Однажды я Бродскому подарила книгу Роберта Бертона "Анатомия меланхолии", он был поражен тем, что никогда ни о книге, ни об авторе не слыхал, что, естественно, заставило его сразу же погрузиться в состояние меланхолии. Кстати, Бродский был очень щедрым и сам часто раздаривал книги, не только написанные им, но и те, которые он особенно ценил. Например, мне он подарил своего старого потрепанного Козьму Пруткова, для меня это самый ценный подарок, так как эта книга долго была рядом с ним и много чего впитала из его жизни.
Бродский не любил ни русофобов, ни русофилов и в присутствии русофоба мог запросто превратиться в русофила, а в присутствии русофила — в русофоба. Ему свойственно было менять свои позиции в качестве реакции на раздражающего собеседника.

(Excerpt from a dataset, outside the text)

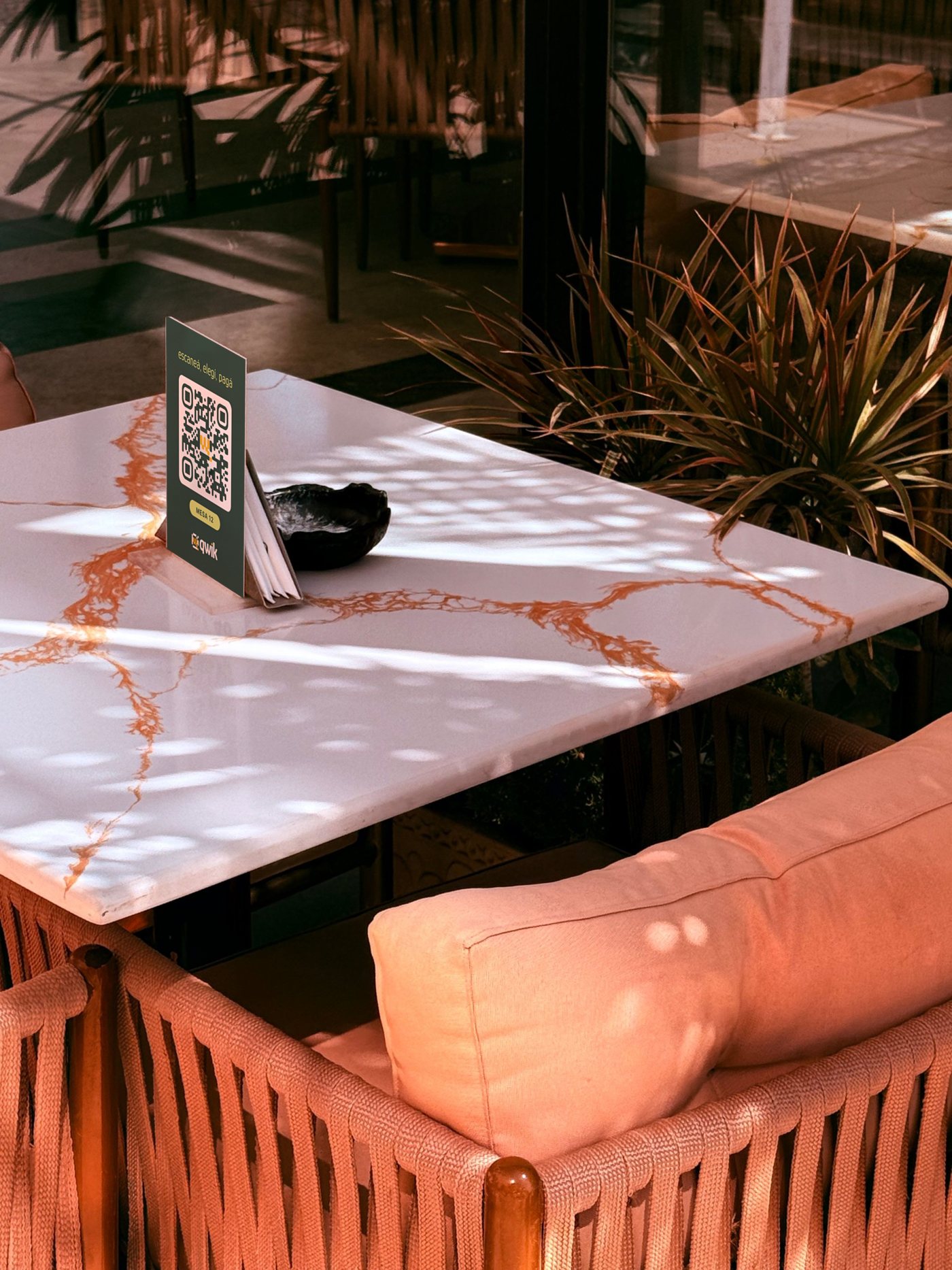 Display de qwik con el QR en la mesa de una terraza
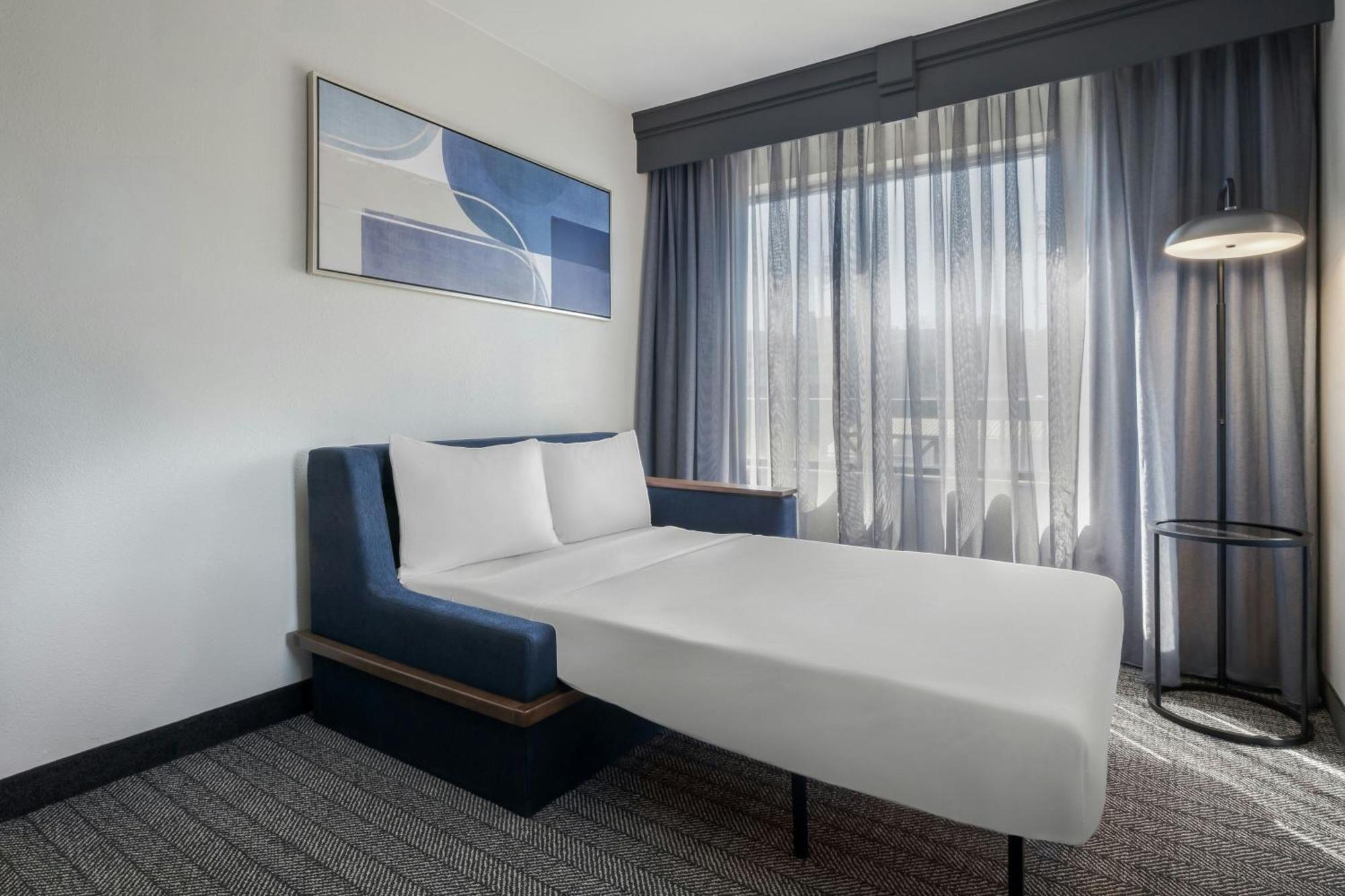 Courtyard By Marriott Chattanooga Downtown Екстериор снимка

Но тут надо Бродскому отдать должное, он очень много сделал для того, чтобы изменять курс или направление левой нью-йоркской интеллигенции, одним своим появлением на берегах Гудзона Иосиф их выпрямил и перестроил. До его приезда они только и делали, что выли по поводу американского вмешательства в дела Латинской Америки, а об СССР в основном молчали, ну и только благодаря диалогу и общению Бродского с Сюзан Зонтаг эта изначально просоветская, левая нью-йоркская интеллигенция существенно поправела. У них в сознании произошел такой же парадигматическии сдвиг, как и у других знаменитых советских попутчиков, французских новых философов. Вообще, Нью-Йорк Бродского — это целая тема для диссертации, ибо он этот город дикой хваткой перехватил и отбил у всех других писателей, ну кроме Довлатова. Я родилась в этом городе и должна признаться, что с тех пор, как я познакомилась с Бродским, Нью- Йорк перестал для меня существовать отдельно от Бродского. Город с поэтом для меня окончательно переплелись.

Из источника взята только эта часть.